[Start of Attachment]

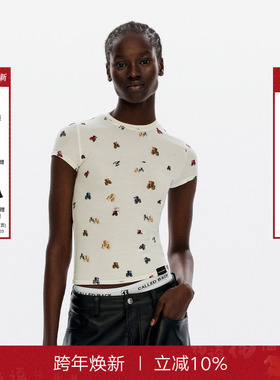 Called Back趣味小熊短袖T恤女2025新款圆领针织内搭修身打底上衣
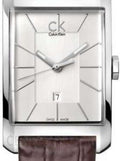 Calvin Klein Window Silver Dial Brown Leather Strap Watch for Men - K2M21126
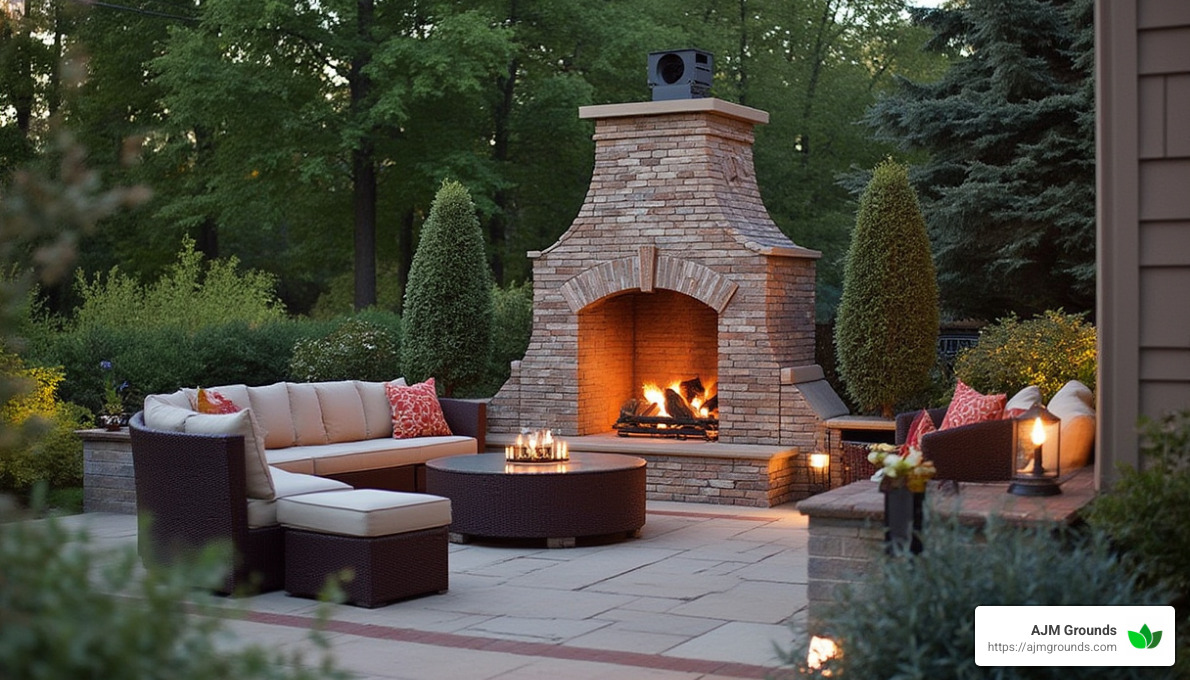 backyard with custom built outdoor fireplace as a focal point - custom built outdoor fireplaces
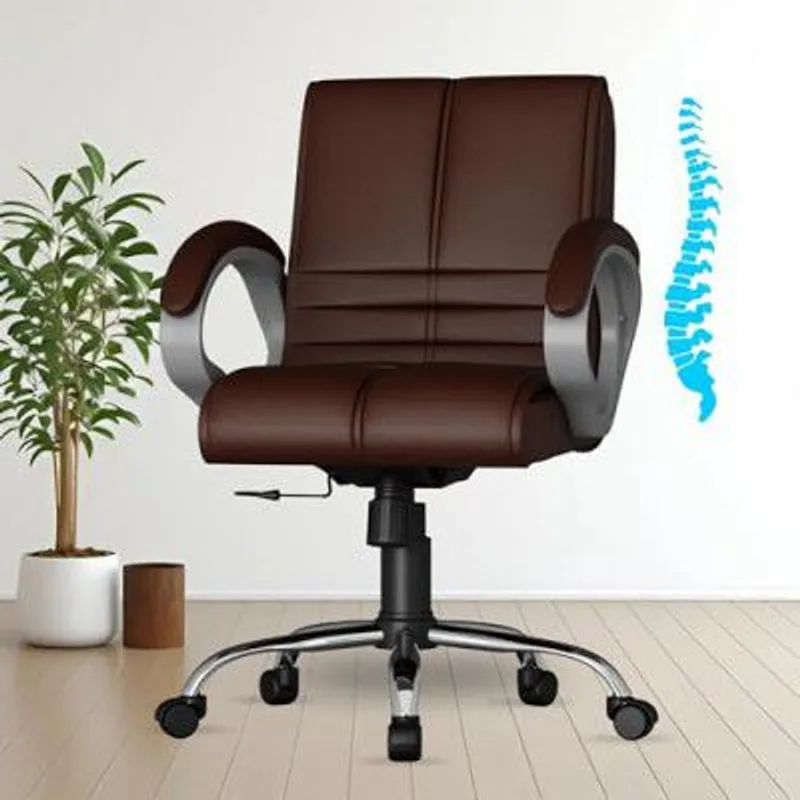 FUGO FG235 with 3 Years Warranty Ergonomic Medium Back Office Chair (Brown) — 85% off on Amazon.in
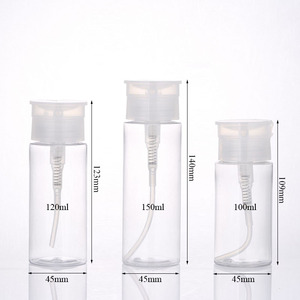 In Stock <strong>Wholesale</strong> Refillable Push Down Pump Dispenser <strong>Bottle</strong> for Alcohol Acetone Nail Polish <strong>Makeup</strong> Remover 100ml 120ml 150ml - Product Image 3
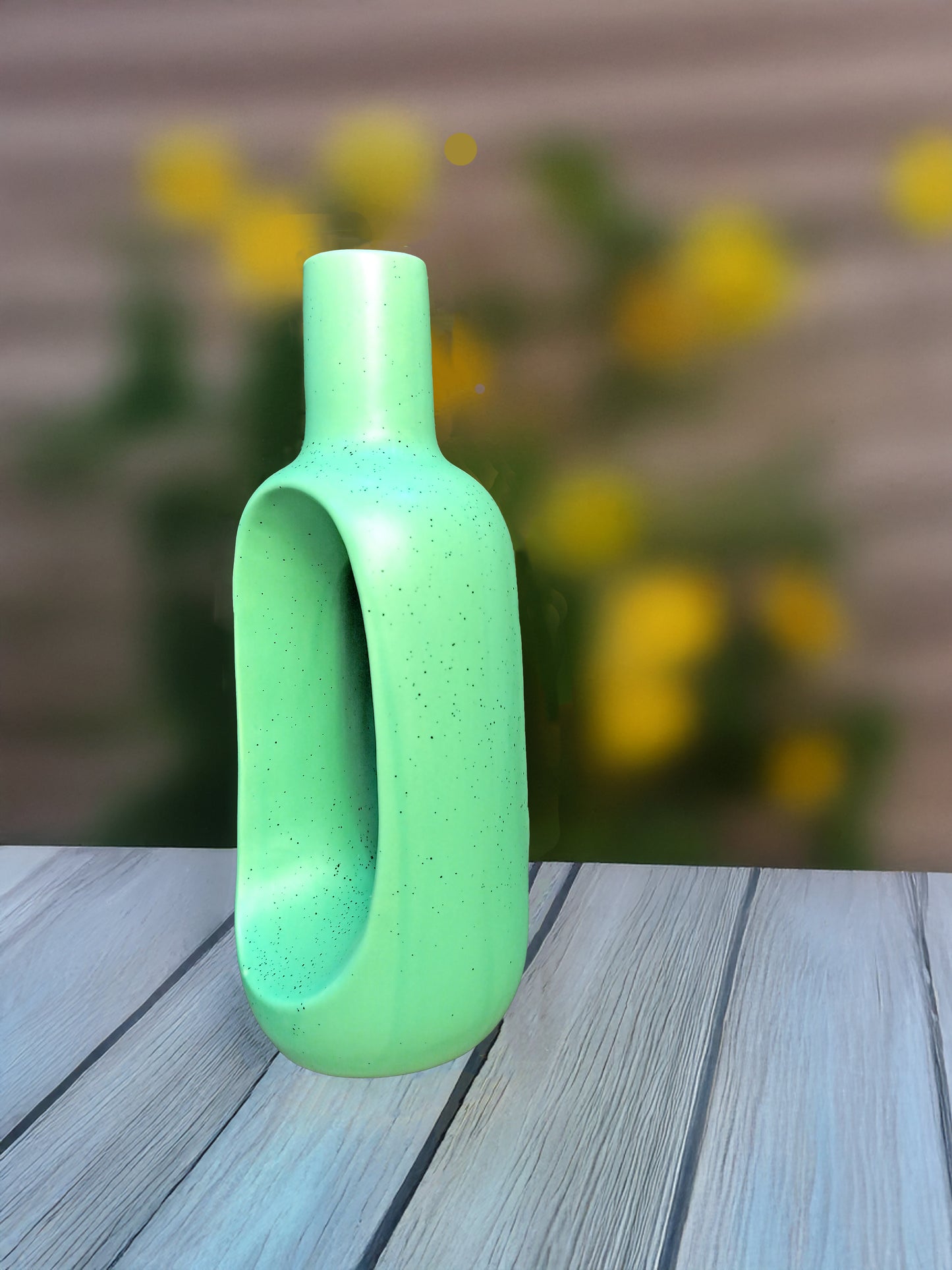 Mint Green Donut Ceramic Vase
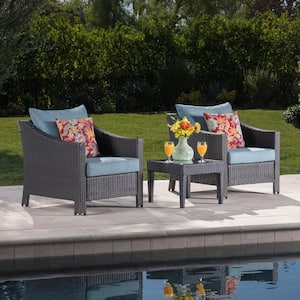 Antibes Gray 3-Piece Plastic Patio Conversation Set with Teal Cushions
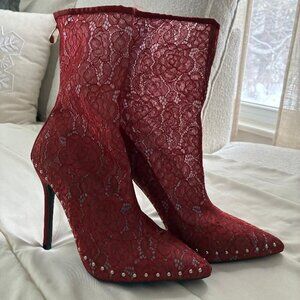 NEW Cape Robbin Women's Women's Red Lace Ankle Boots Booties Sz7.5 4" Heels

[End of Attachment]

Copy exactly, and only, the lines from the line containing "Antibes Gray 3-Piece" through the final line of the material above, with no pictures.

Answer box ->
 Antibes Gray 3-Piece Plastic Patio Conversation Set with Teal Cushions
 NEW Cape Robbin Women's Women's Red Lace Ankle Boots Booties Sz7.5 4" Heels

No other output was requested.